| TASK DETAILS |
The answer is to be the lines below that lie between the line holding "A beige foldable" and the line holding "A person with", inclusive, transcribed exactly and free of pictures.

| EXCERPTED RECORDS |
_ _ _ _

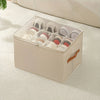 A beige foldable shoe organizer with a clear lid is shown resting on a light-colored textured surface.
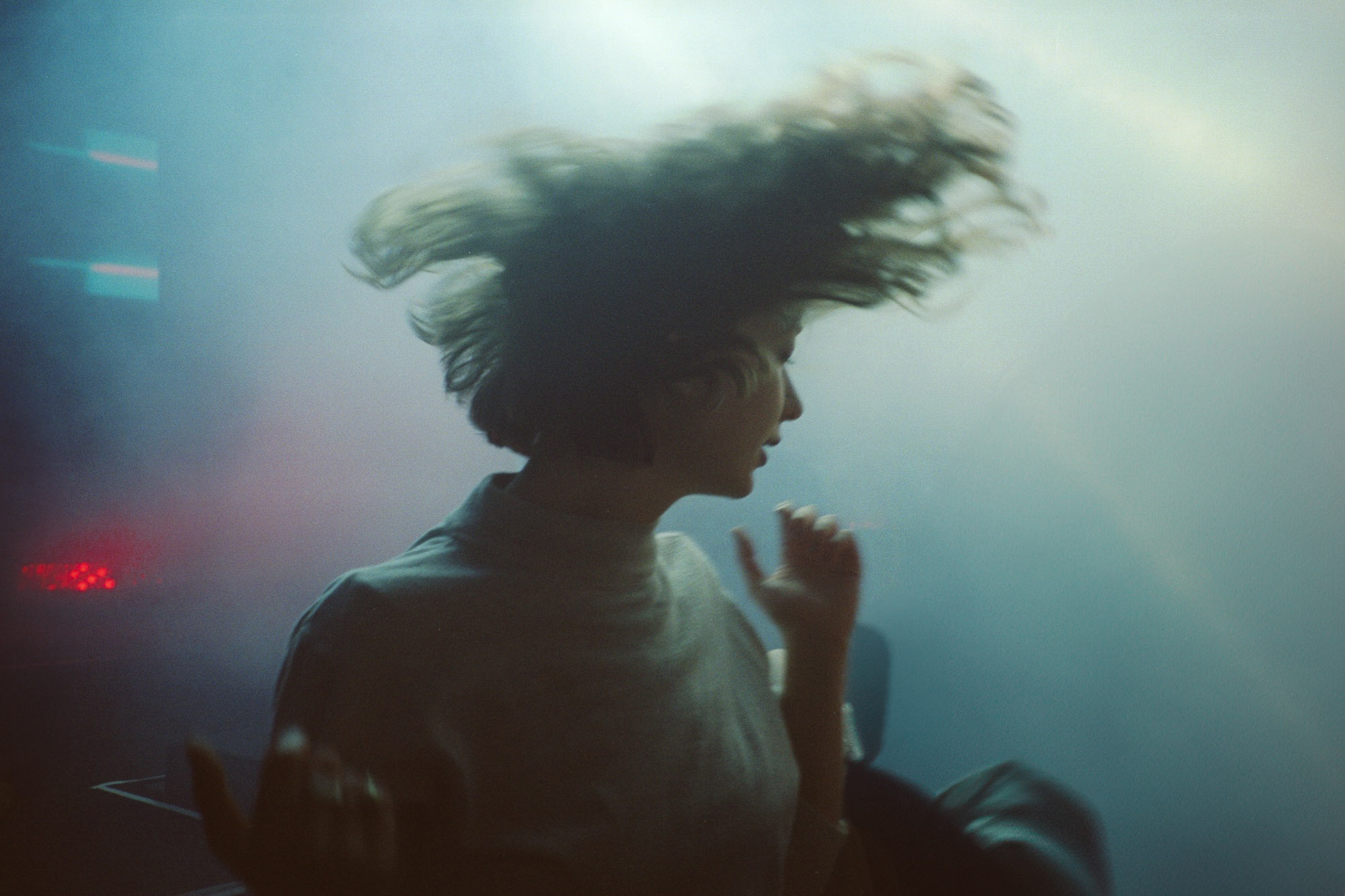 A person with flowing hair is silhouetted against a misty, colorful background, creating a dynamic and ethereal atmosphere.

_ _ _ _

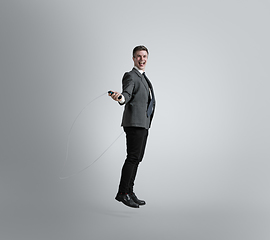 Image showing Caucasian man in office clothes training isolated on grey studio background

_ _ _ _

| SOLUTION |
 A beige foldable shoe organizer with a clear lid is shown resting on a light-colored textured surface.
 A person with flowing hair is silhouetted against a misty, colorful background, creating a dynamic and ethereal atmosphere.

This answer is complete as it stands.